Lily could see he was impatient. That sensual mouth had compressed above a rock-solid jaw. He probably didn’t do patience either!

She answered belatedly, but as firmly as she could. ‘My great-aunt started Life Begins ten years ago. I help.’ Encouraged by the way Penny gave her elbow a squeeze, she ploughed on. ‘We help old people locally. Practical stuff, like shopping, cleaning, helping them stay in their own homes if they fall outside the social security net, driving—’

Basta! Enough.’ He slashed through the increasingly confident spiel. She had amazing eyes. Clear. Innocent. Honest. And the quickest way to get back to serious matters was to just let her have what she wanted. ‘Wait in the hall. When she is free, Miss Fleming will help you decide what’s suitable.’

Dismissed from The Presence. Heartfelt words of thanks tripped from her widely smiling mouth as she backed out of the room. But he wasn’t listening—was already turning to answer the phone that had begun to ring. Telling herself that she didn’t care, didn’t mind being got rid of as if she were a really insignificant and annoying irritant, Lily waited as directed. She had got what she’d come for. His permission to walk away with the sort of stuff that would persuade the punters to part with their hard-earned cash and put Life Begins in a slightly more viable financial position.

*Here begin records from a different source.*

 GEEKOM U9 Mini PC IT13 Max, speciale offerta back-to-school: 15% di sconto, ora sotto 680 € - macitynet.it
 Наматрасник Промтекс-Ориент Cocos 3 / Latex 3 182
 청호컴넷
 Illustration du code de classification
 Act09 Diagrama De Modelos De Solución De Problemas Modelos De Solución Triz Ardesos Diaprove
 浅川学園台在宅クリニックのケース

His eyes haunted, Paolo ended the call, ignored Penny Fleming’s ‘Are you all right, sir?’ and strode from the study, his mind made up.

There was only one thing to do. As always, when presented with a problem, his agile brain came up with the solution at the speed of light.

The consultant’s call had confirmed his worst fears—fears that gripped his heart in an icy fist. His mother didn’t have long to live. That had been the underlying message he’d picked up from behind the medical jargon. He would make her last hours on this earth happy. It was the least he could do.

And that scruffy charity worker would be stupid to turn down a decent donation in return for helping him out.